Difference between . and ->

Hi there,

I am just trying to learn how to make linked lists and have made the following function:

Code:

---

list* addList()  {
    list* firstList = NULL;
        list* newList = malloc(sizeof(list));
        newList -> count = 128;
        newList -> next = firstList;
       
        return newList;
}

---

This works fine and when I have the following printf statement:

Code:

---

list* bigList = addList();
printf("%d\n", bigList -> count);

---

then 128 gets printed out, as I hoped it would.

My question is that when I try the following printf instead:

Code:

---

printf("%d\n", bigList.count);

---

then I get an error saying that a struct is required. As I understand it, my addList() function returns a pointer to the list element labeled newList in the function. This list element has a member called count. So why is it that I can't use the membership operator '.' in this case?
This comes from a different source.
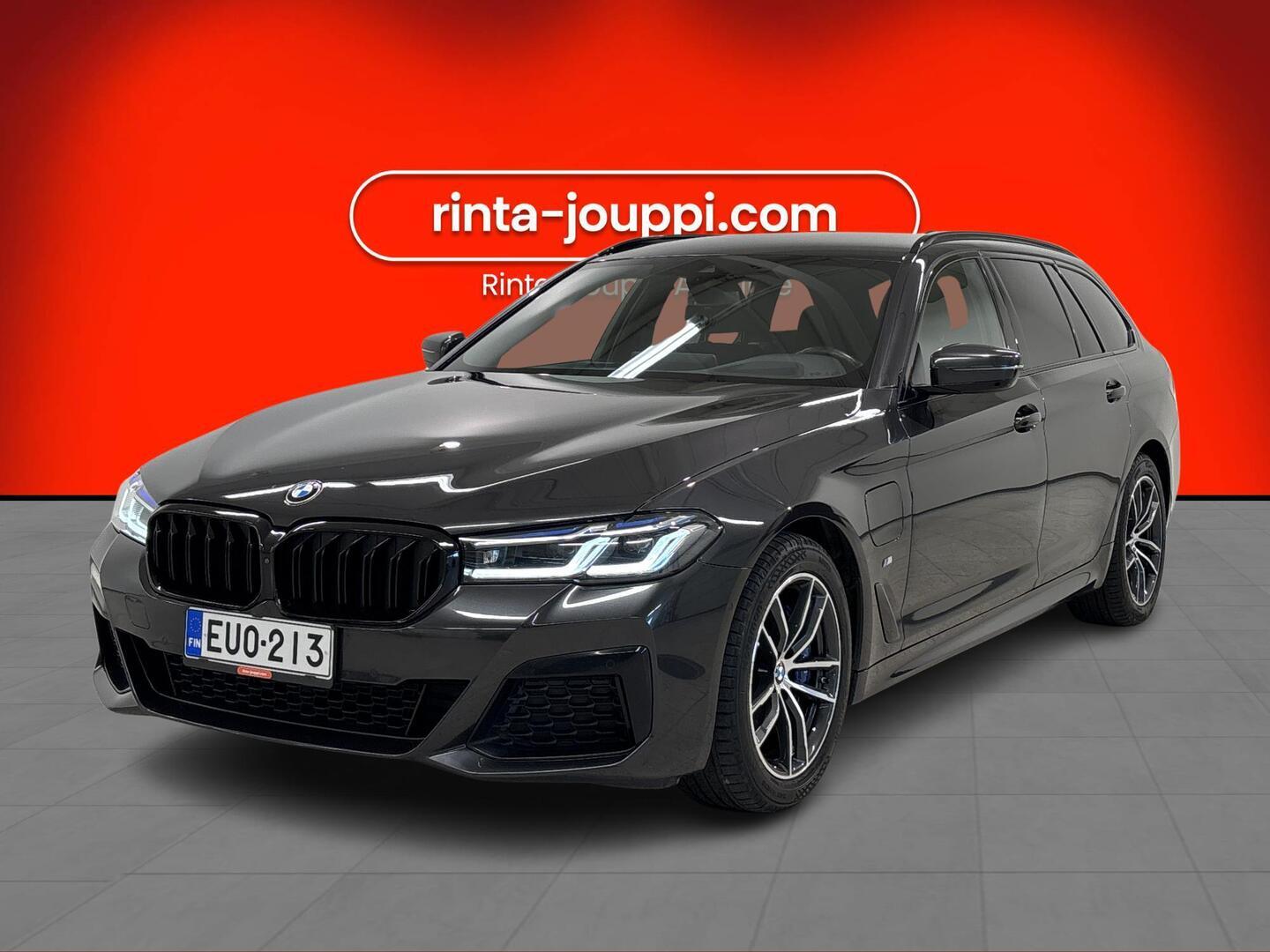 BMW 530 2021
And what is the essential difference between '.' and '->'?

Many thanks in advance.

Joe

-> requires pointer to the structure on it's left side, whereas the '.' operator requires a structure variable on it's left side not a pointer.
Eg.

Code:

---

struct book
{
int page;
char name;
float price}b1;
b1.page //correct
b1->price //incorrect

---

Or a union.

Excellent. Thank you Ben10 for the explanation. I understand now. :cool:

Cheers WhiteFlags.